Recorded data:

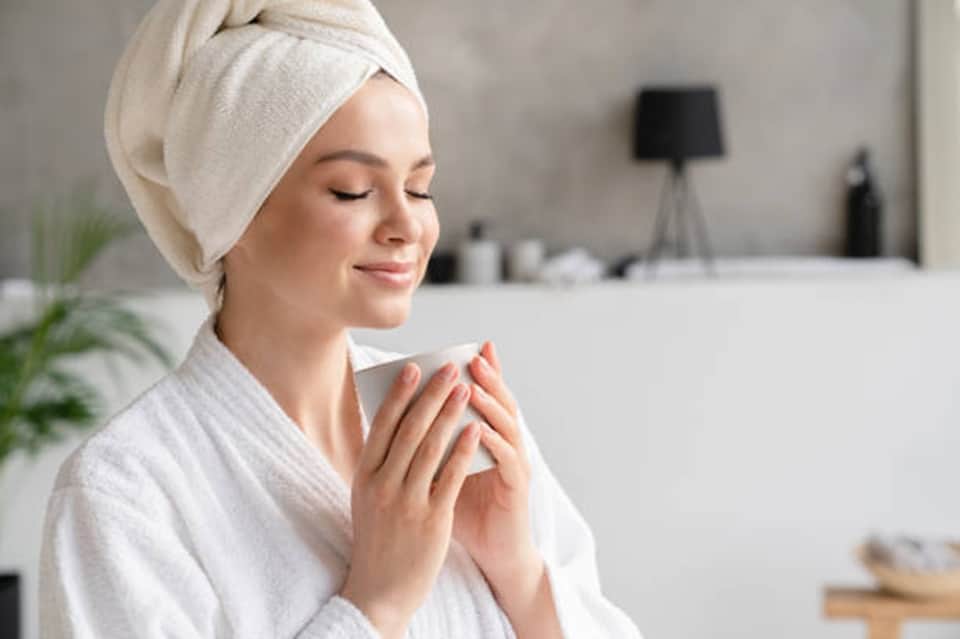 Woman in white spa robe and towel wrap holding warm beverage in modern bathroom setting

...

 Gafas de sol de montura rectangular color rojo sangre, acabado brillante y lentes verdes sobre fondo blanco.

...

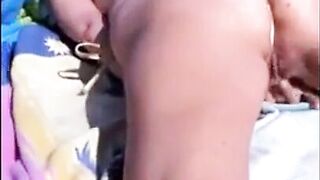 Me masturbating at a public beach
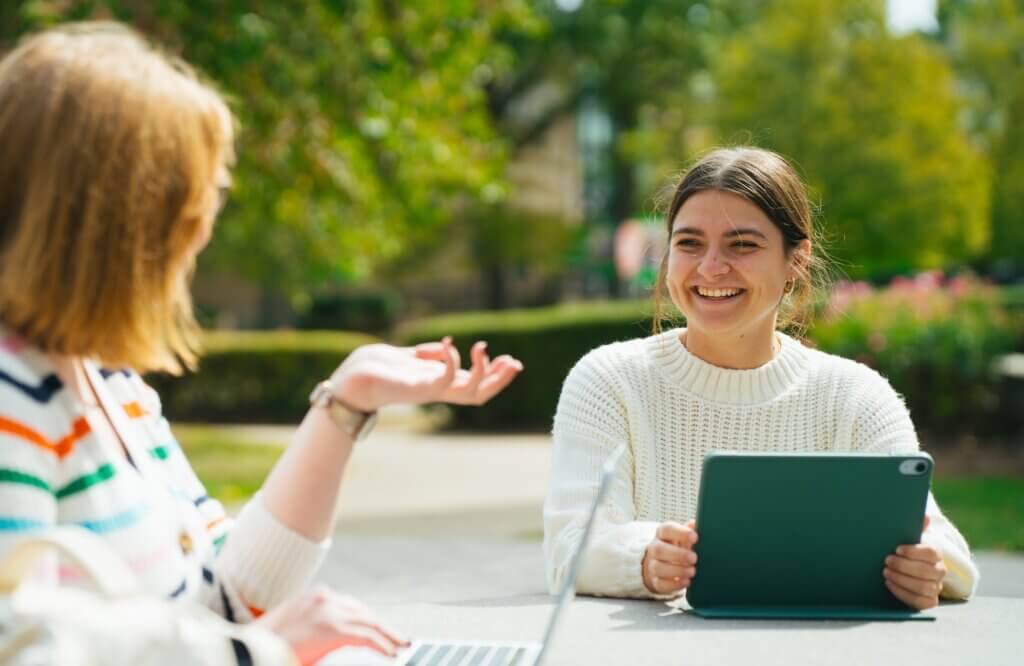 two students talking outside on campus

Exercise description: Copy word for word the span of the records above that begins at the line with "Me masturbating at a public beach" and ends at the line with "two students talking outside on campus", including those two lines but not the pictures.

Output of the exercise:
 Me masturbating at a public beach
 two students talking outside on campus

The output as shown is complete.